Required work: Word for word, please copy the line containing "Ivory / Vit" and all lines after it in the entries below, and only those, leaving every picture out.

[Opening Data to use section]

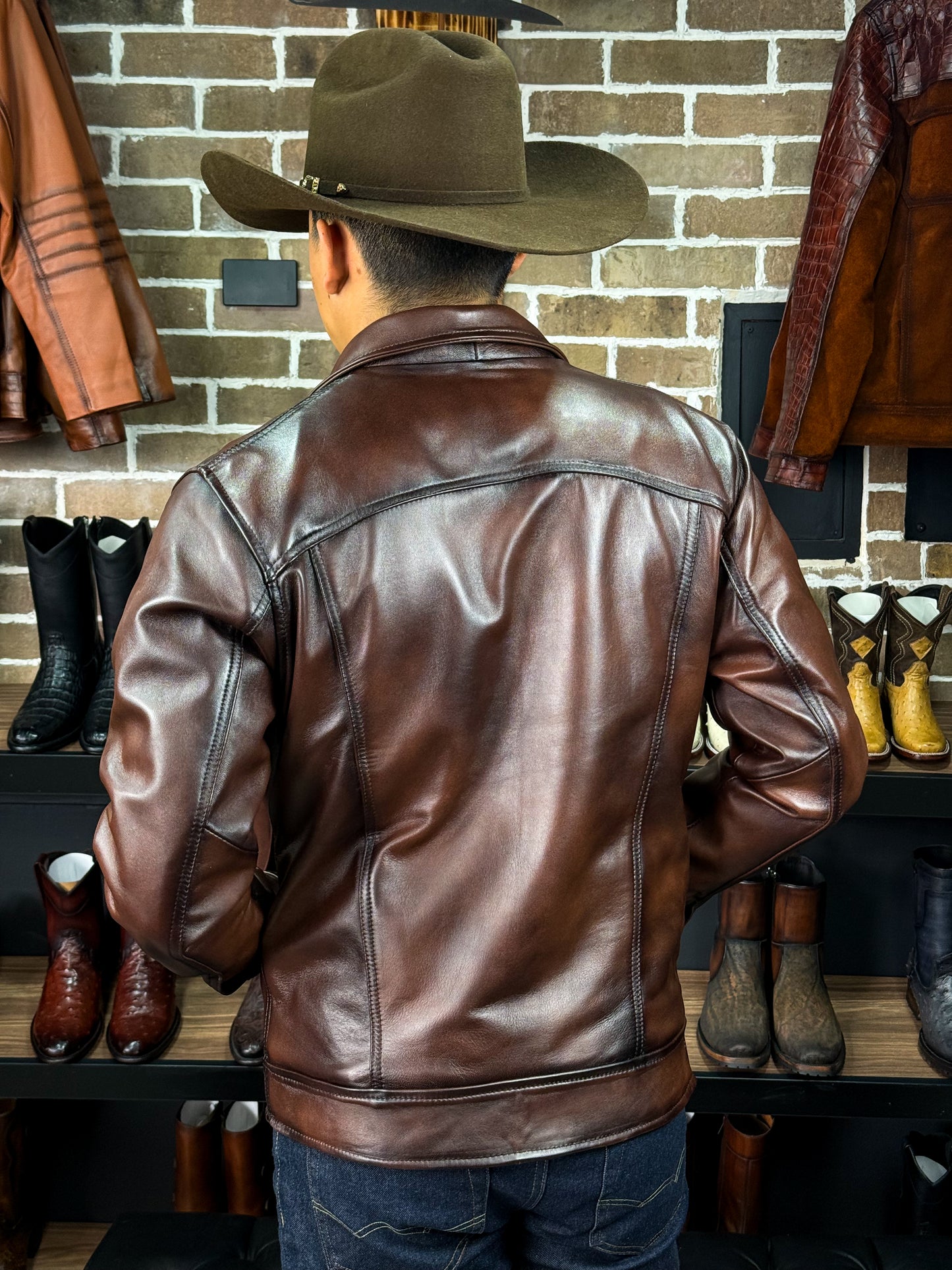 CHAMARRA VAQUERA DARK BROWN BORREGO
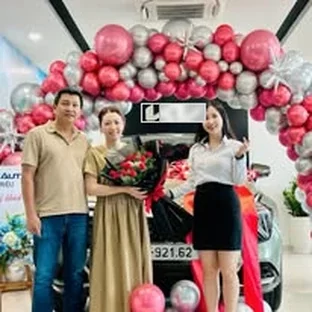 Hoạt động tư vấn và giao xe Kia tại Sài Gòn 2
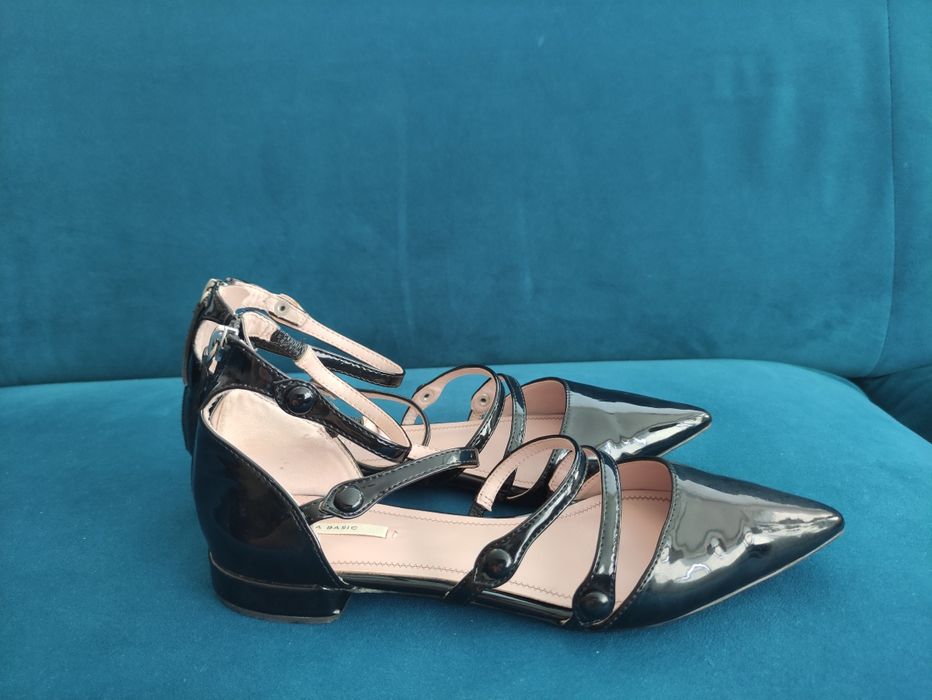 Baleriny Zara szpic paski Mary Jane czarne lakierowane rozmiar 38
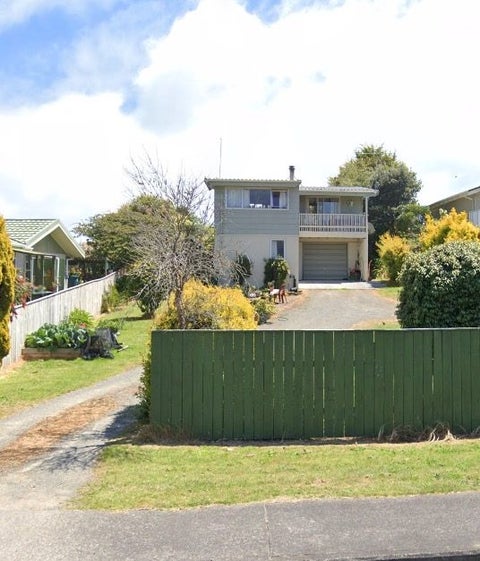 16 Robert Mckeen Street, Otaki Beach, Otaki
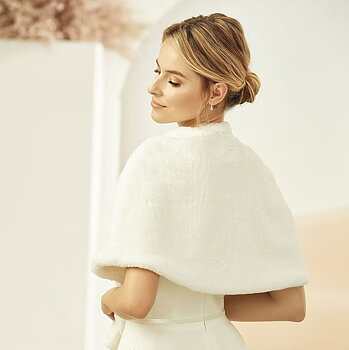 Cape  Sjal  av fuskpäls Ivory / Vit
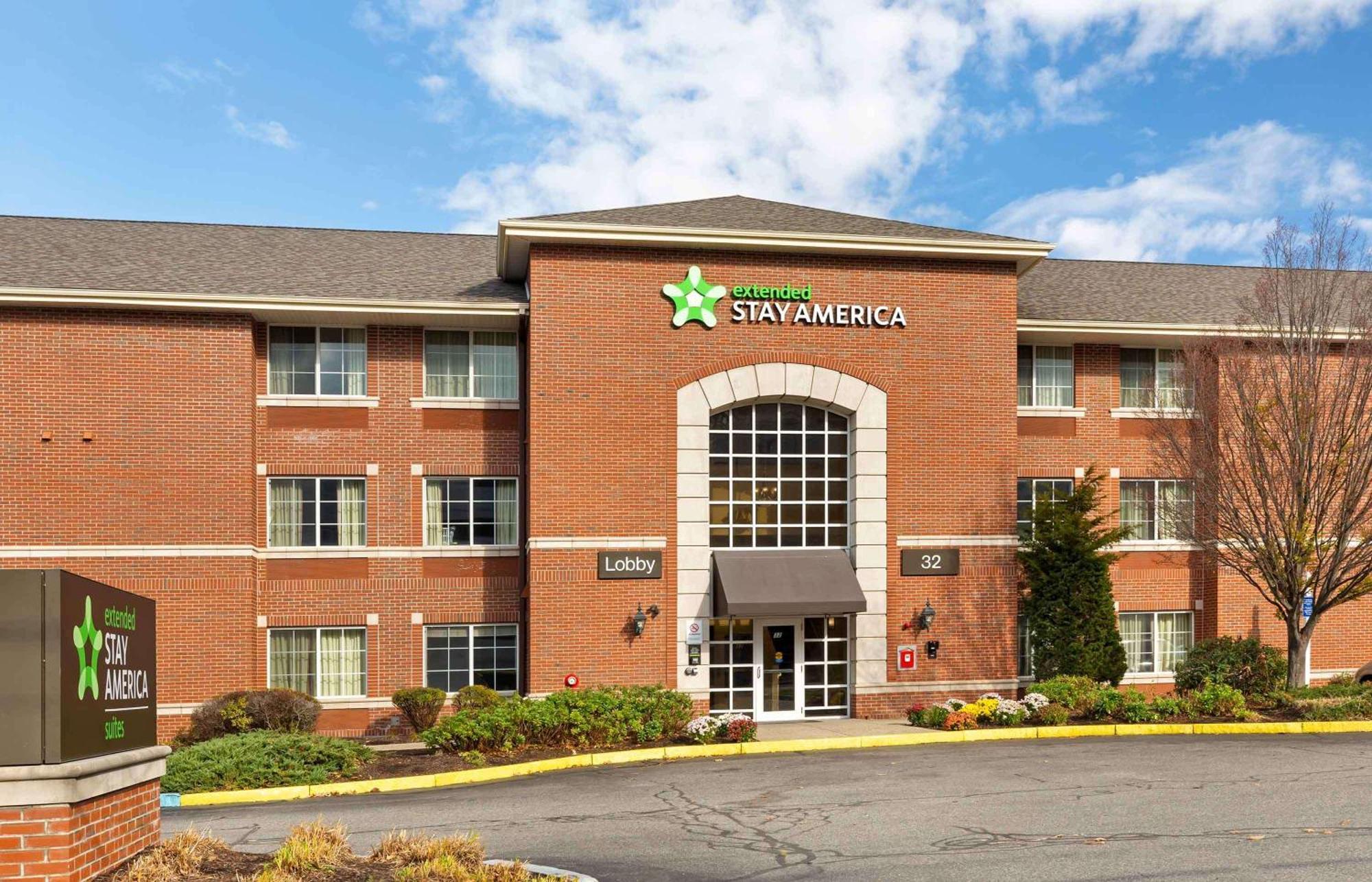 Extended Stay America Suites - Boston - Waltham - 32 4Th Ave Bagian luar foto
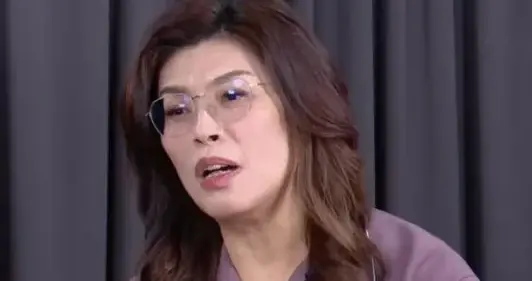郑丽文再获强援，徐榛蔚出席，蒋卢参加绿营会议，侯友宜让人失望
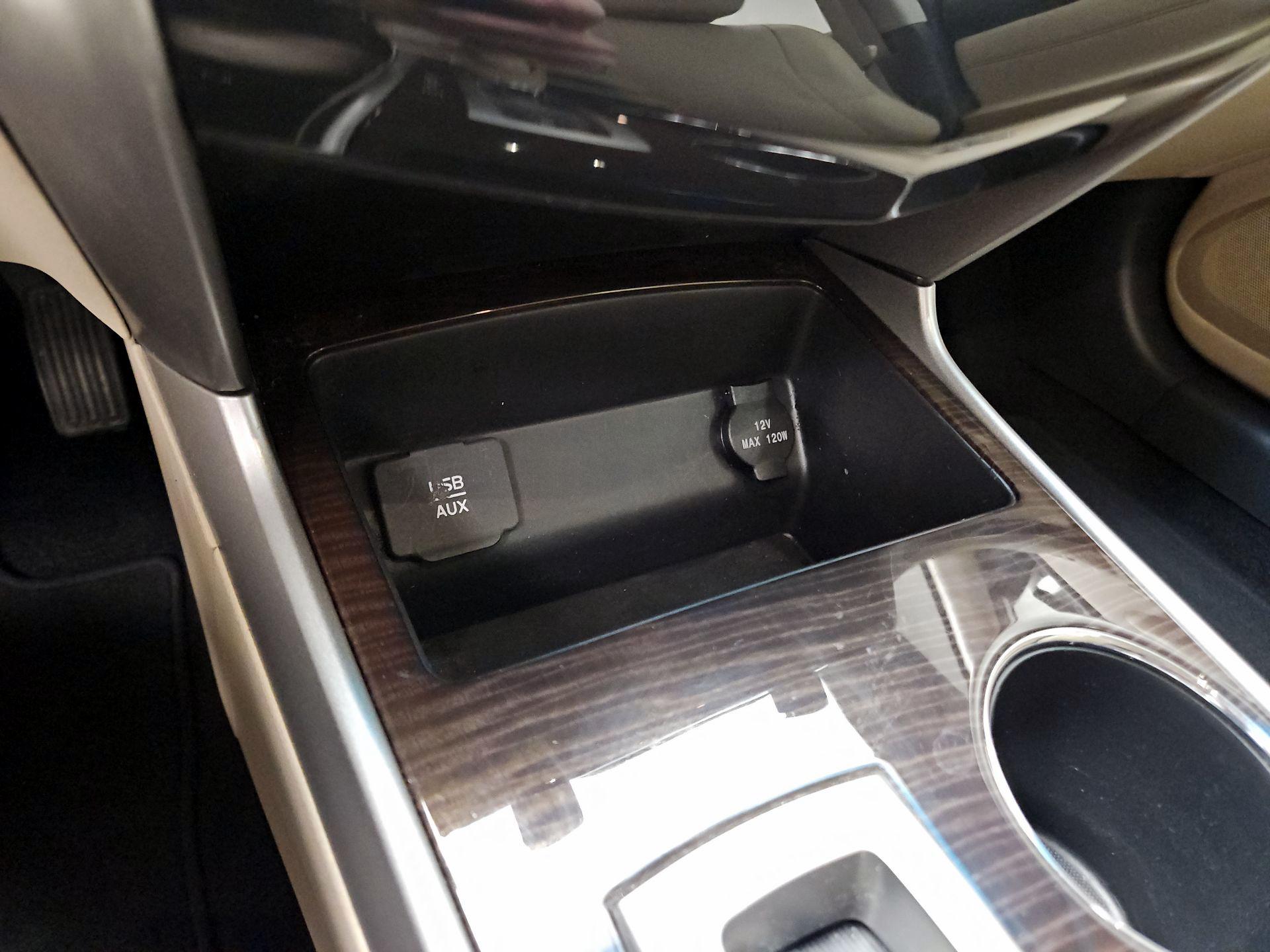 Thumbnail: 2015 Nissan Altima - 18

[Closing Data to use section]

Reply to the task:
 Cape  Sjal  av fuskpäls Ivory / Vit
 Extended Stay America Suites - Boston - Waltham - 32 4Th Ave Bagian luar foto
郑丽文再获强援，徐榛蔚出席，蒋卢参加绿营会议，侯友宜让人失望
 Thumbnail: 2015 Nissan Altima - 18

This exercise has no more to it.